In what may be the first successful hatch of a red-legged kittiwake in captivity, a tiny chick nicknamed Scuttles pecked into the world on July 17.

This is a big deal in the world of seabird science. Black-legged kittiwakes wing all over coastal Alaska — perching on dock pilings, screeching off cliff-side nests, wheeling among flocks of other sea-gull-like predators on shore and harbor.

But red-legged kittiwakes are one of the rarest and most exotic birds on the planet, limited to five or six rugged cliff faces on remote islands in the Bering Sea.

Listed as a Species of Concern under the U.S. Endangered Species Act and endangered in Russia, the species has undergone dramatic declines for reasons that remain unclear.


Here’s more detail in a story from Jason Wettstein at the Alaska SeaLife Center:

Red-legged kittiwakes face a variety of challenges in the wild including reduced food availability and climate changes, as well as introduced predators such as rats and fox.
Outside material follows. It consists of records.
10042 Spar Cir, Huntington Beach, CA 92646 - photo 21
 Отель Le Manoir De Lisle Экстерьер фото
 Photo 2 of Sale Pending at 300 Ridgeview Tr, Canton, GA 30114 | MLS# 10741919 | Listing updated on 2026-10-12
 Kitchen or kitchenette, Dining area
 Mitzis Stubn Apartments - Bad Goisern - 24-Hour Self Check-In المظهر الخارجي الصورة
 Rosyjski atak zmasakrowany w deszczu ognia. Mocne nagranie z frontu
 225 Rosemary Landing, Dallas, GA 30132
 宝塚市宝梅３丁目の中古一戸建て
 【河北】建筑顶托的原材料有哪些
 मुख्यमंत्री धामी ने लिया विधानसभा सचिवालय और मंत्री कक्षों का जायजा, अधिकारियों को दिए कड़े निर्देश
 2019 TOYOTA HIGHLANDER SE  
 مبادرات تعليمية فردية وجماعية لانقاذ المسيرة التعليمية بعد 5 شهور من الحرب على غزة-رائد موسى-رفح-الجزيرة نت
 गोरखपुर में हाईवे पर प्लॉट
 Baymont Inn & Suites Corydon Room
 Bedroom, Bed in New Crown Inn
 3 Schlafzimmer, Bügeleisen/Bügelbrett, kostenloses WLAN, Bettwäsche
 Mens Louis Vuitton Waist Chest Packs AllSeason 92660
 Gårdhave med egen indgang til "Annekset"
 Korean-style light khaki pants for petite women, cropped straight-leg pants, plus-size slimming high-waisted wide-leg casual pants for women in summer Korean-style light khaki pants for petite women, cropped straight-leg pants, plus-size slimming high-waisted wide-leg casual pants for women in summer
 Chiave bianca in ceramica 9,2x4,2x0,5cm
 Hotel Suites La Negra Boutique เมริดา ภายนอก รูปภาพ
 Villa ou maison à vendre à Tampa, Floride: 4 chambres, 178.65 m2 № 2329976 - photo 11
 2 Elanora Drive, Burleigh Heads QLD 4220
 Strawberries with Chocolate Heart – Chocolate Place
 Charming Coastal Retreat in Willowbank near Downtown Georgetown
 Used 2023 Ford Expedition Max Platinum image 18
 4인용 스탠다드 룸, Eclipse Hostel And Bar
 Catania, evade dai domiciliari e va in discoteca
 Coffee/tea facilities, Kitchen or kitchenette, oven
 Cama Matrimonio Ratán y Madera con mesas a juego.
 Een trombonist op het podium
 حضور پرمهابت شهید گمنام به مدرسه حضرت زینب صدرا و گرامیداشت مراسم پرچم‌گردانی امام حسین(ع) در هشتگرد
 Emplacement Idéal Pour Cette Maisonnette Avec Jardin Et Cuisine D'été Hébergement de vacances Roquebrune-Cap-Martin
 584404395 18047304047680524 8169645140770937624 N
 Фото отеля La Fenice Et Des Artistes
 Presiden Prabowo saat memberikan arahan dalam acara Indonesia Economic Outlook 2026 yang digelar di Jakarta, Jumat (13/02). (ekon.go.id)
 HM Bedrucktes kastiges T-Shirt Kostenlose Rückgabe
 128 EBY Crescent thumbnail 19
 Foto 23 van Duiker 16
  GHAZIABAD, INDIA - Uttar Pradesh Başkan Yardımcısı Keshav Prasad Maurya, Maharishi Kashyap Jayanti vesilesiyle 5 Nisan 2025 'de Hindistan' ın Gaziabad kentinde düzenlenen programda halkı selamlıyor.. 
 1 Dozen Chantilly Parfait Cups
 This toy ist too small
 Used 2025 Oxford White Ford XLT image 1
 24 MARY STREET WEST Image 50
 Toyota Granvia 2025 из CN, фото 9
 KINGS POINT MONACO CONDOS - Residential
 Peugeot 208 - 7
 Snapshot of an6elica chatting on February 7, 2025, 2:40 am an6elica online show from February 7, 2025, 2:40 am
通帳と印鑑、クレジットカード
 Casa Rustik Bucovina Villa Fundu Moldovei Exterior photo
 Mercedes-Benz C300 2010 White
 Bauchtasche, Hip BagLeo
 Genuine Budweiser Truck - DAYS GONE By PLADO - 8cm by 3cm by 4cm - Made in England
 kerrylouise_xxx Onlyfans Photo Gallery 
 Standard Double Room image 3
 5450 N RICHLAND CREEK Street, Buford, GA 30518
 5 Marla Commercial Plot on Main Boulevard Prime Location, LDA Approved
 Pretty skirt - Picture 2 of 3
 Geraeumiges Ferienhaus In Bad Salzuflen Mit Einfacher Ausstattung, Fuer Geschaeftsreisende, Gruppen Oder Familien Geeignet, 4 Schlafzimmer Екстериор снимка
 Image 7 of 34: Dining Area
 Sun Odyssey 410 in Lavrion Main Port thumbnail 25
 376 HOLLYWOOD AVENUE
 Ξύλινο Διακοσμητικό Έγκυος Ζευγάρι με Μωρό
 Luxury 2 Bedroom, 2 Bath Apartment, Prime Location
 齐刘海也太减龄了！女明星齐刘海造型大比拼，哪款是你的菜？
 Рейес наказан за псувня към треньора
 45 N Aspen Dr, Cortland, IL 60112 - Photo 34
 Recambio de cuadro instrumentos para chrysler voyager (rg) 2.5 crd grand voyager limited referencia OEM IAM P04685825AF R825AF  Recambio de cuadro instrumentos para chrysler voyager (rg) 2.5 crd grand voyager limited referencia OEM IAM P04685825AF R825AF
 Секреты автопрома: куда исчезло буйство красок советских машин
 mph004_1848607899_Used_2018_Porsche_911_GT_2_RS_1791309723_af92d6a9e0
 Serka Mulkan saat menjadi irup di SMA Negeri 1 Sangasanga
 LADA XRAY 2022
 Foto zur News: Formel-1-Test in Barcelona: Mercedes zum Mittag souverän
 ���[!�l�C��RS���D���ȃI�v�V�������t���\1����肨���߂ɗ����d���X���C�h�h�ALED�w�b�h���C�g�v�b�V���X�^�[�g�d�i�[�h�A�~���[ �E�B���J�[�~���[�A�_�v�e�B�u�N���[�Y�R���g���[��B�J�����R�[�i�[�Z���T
The red-legged kittiwakes appear only in a limited geographic range, so any one threat, or even a random natural disaster, could leave the species population at critically low numbers.

For the last four years, the center’s red-legged kittiwakes have been laying infertile eggs in the mud and kelp nests that the aviculturists help build for them on the rocky face of the exhibit.

This year, when senior aviculturist Tasha DiMarzio candled the eggs, one of them was fertile.

“Having seen the adults copulating earlier in the season, I had high hopes for this year’s eggs but I still did not believe it when I saw the developing embryo,” says DiMarzio.

(Candling is the process of putting a light behind an egg to see if it is viable.)

The kittiwake chick, Scuttles, hatched on July 17.

At hatch, Scuttles weighed in at 34 grams and now weighs in at a whopping 224 grams and rising.

Red-legged kittiwake chick sits on scale
Scuttles gets weighed
Credit: Jason Wettstein

“It’s really been a long wait for this chick,” says Heidi Cline, avian curator for the Alaska SeaLife Center. “We were relying entirely on the birds’ natural instincts. They were hand reared birds and we couldn’t teach them to do this — it’s just been trial and error until they got it right.”

“It’s so exciting to see these parents behaving as they would in the wild,” says Nicole Brandt, aviculturist at the center. “They are regurgitating small fish, kelp, krill, and squid for the chick and are keeping it warm and protected.”

SeaLife Center researchers will not know whether Scuttles is male or female until 2 weeks after his veterinary check. “We’re happy to welcome Scuttles into the flock either way,” says Brandt.